Exercise instructions: In the records below, take the line with "Gold Kosrae Liberation" and all lines after it, and copy them exactly, pictures excluded.
##########
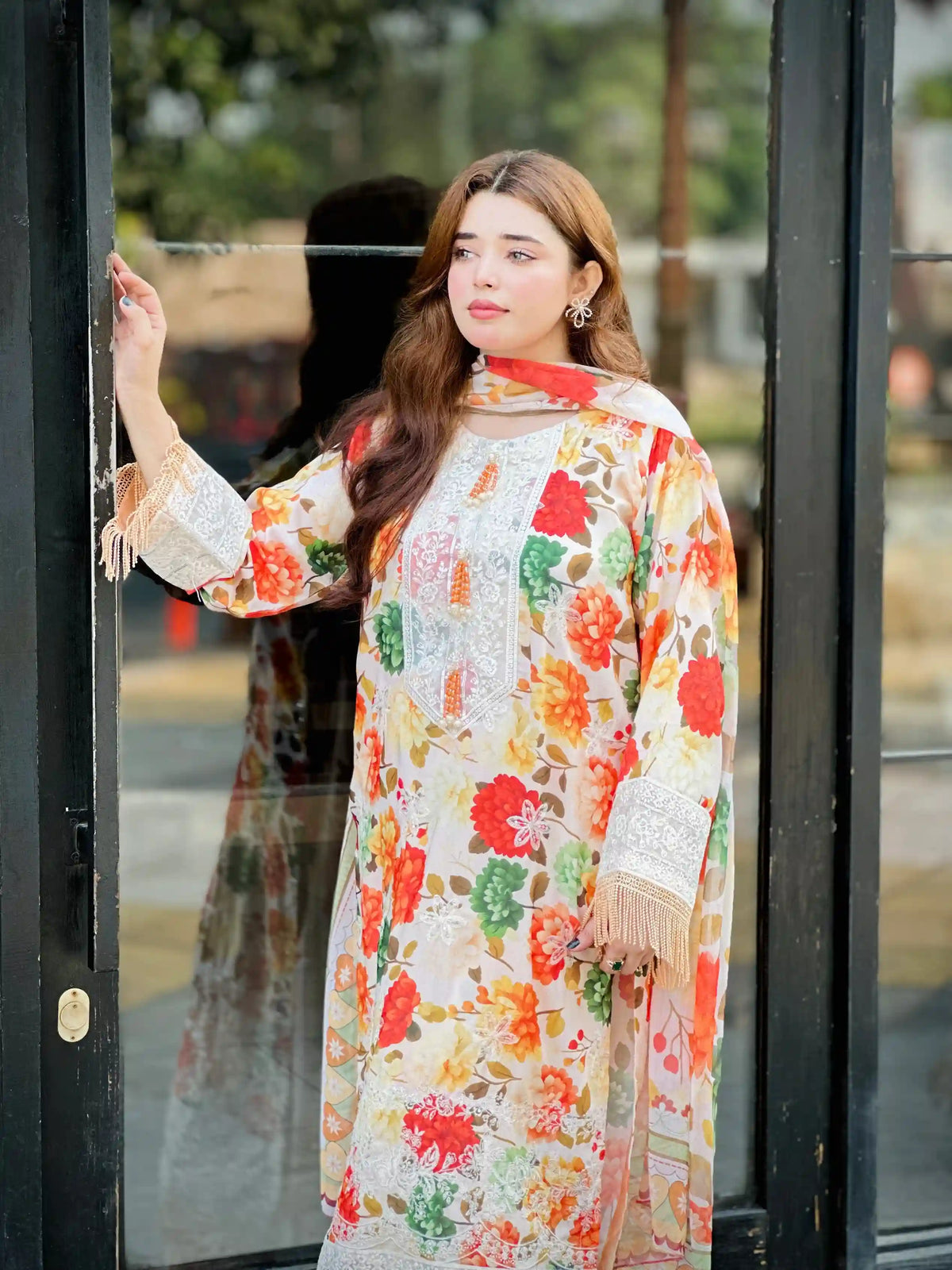 Flower Printed 3pc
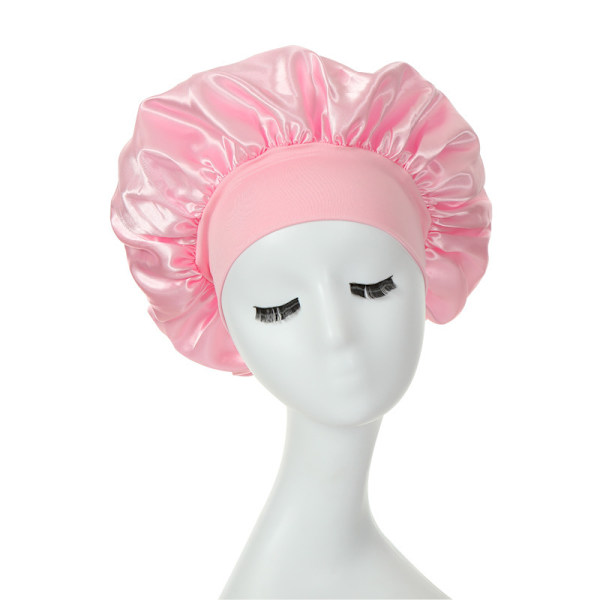 2 stk. Sovehette - Satenghette - Sovehette Rosa one size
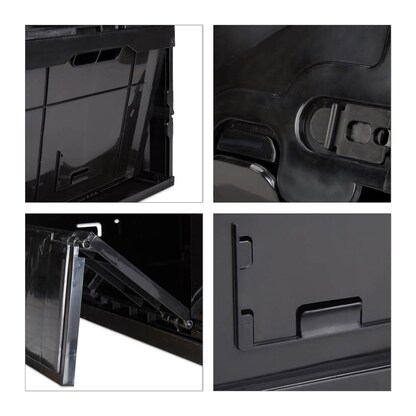 Artikelbild 3 für relaxdays Klappbox 60,0 l schwarz 58,5 x 39,5 x 32,5 cm, 1 St., Artikelnummer 452553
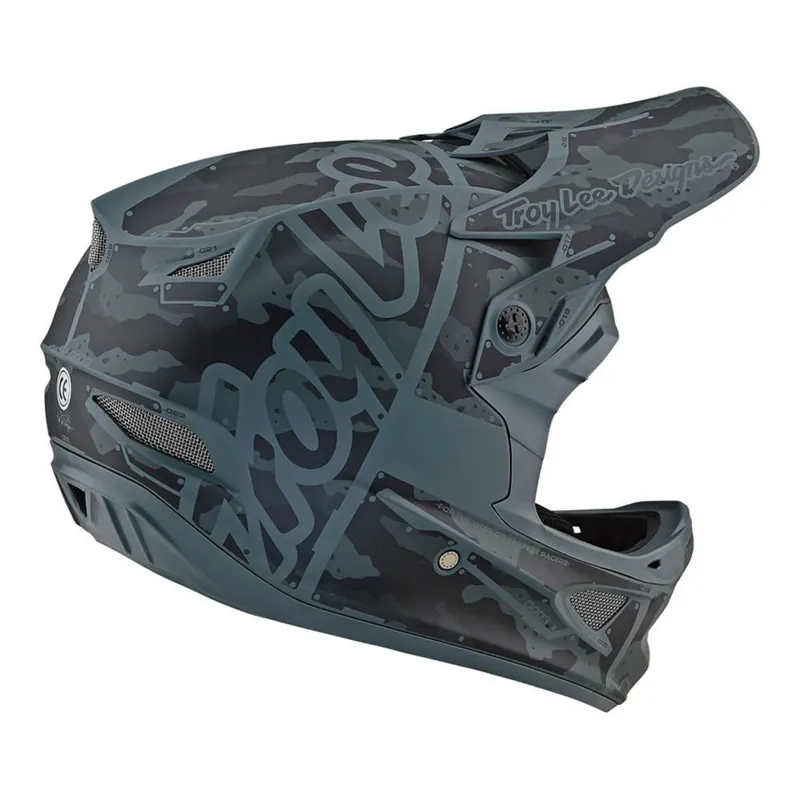Troy Lee Designs 2019 D3 Fiberlite Camo Green-2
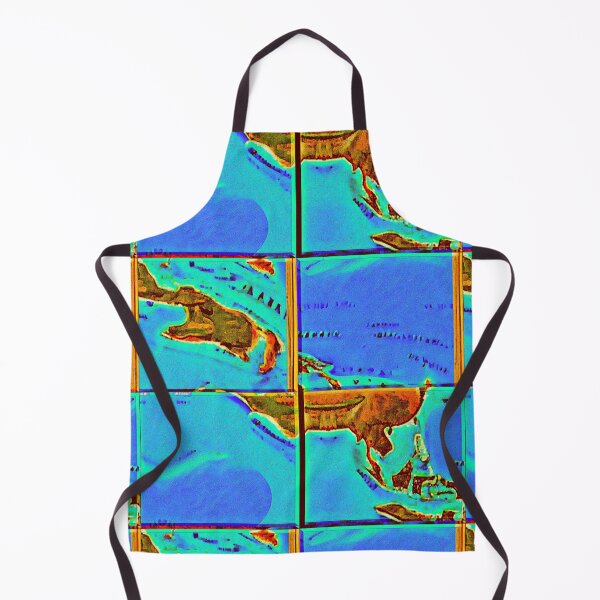 Item preview, PATCHWORK ABSTRACT ANCIENT ARUBA CARIBBEAN SEA MAP PAINTING - ARUBA ONE HAPPY ISLAND. designed and sold by Ralek.
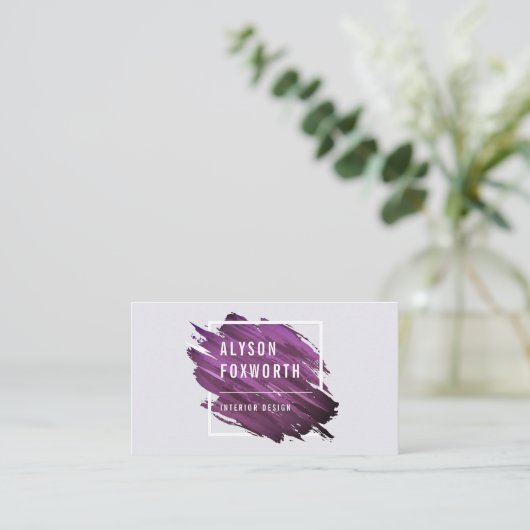 抽象芸術絵を描ロゴ 名刺 (スタンド正面)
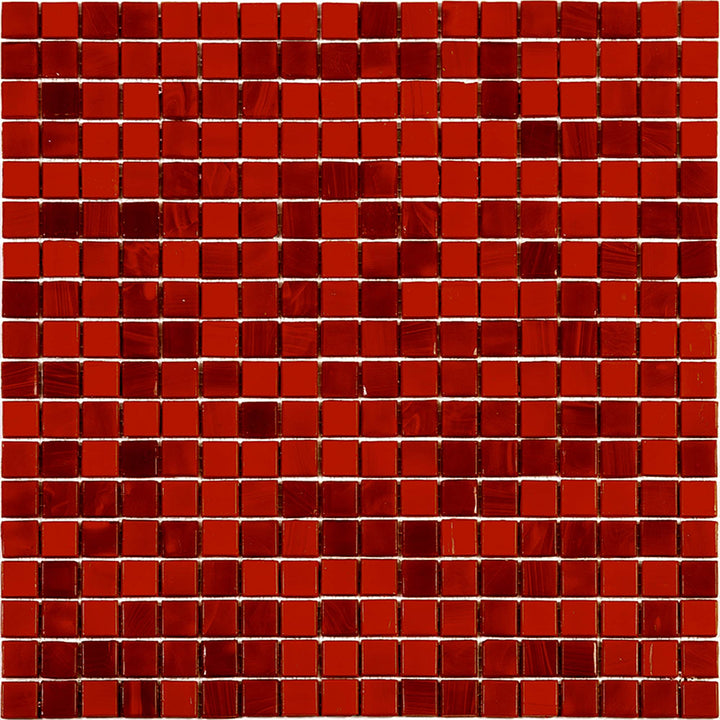 Apollo Tile Skosh Rose Red 11-1/2-in x 11-1/2-in Glossy Glass Uniform Squares Floor and Wall Tile (18.69-sq. ft/ Carton)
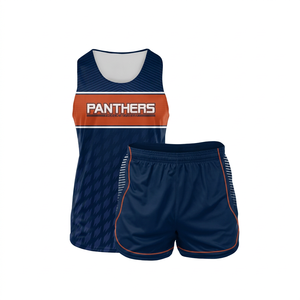 <b>Children's</b> Comfortable Skinny Track Field Uniform Sets Quick Dry 100% Polyester Outdoor Sports Team Training Wear Printed - Product Image 1
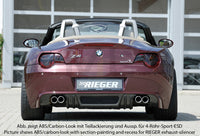 Rieger 00050504 BMW Z4 E85 Rear Diffuser for Twin Tailpipe Left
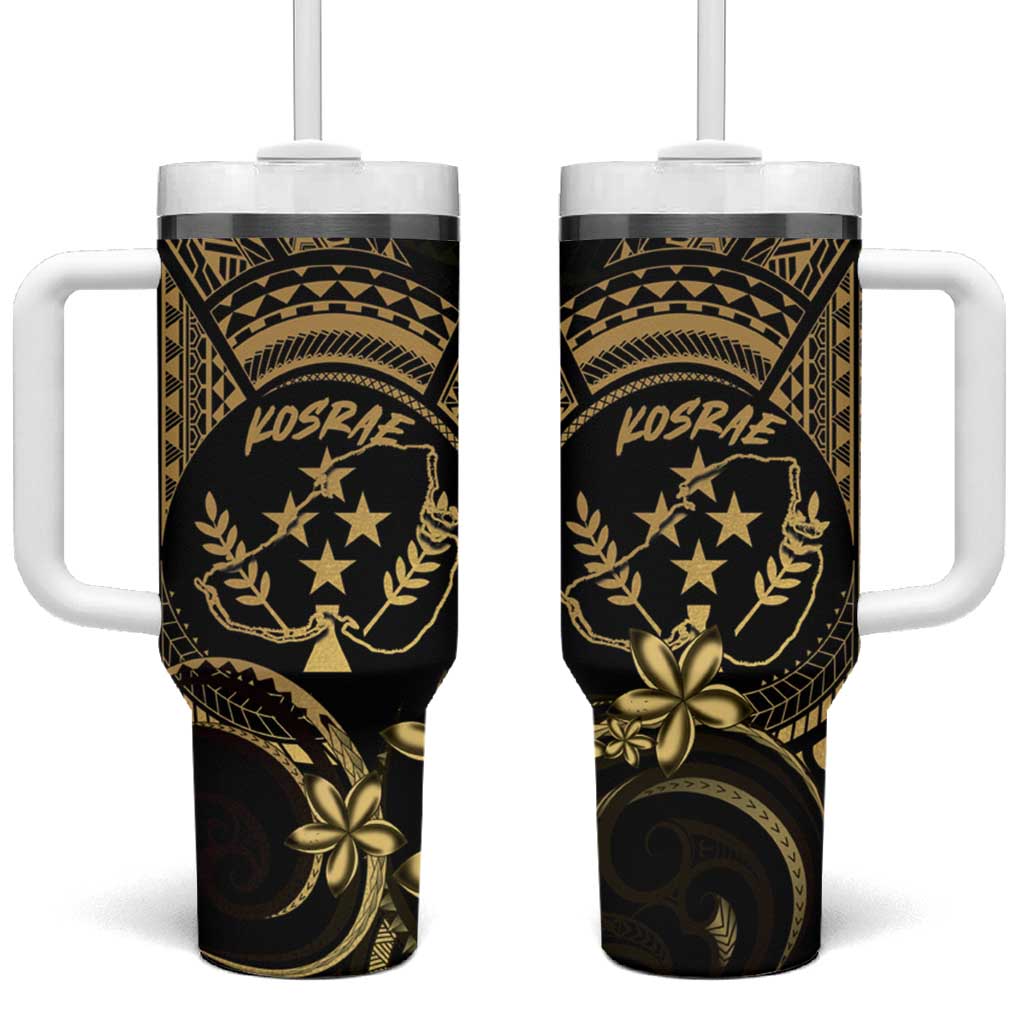 Gold Kosrae Liberation Day Tumbler With Handle September 8 Polynesian Tattoo LT14 One Size: 40 oz Gold - Polynesian Pride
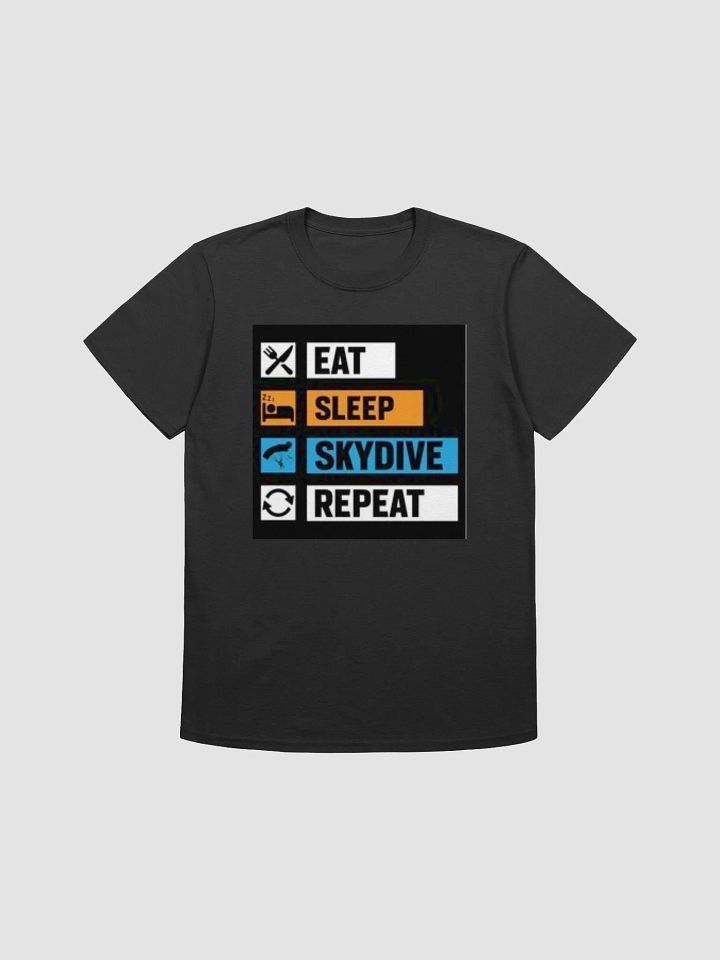 Man T-Shirt Eat-Sleep-Repeat Unisex Softstyle T-Shirt product image (1)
##########
Task output:
 Gold Kosrae Liberation Day Tumbler With Handle September 8 Polynesian Tattoo LT14 One Size: 40 oz Gold - Polynesian Pride
 Man T-Shirt Eat-Sleep-Repeat Unisex Softstyle T-Shirt product image (1)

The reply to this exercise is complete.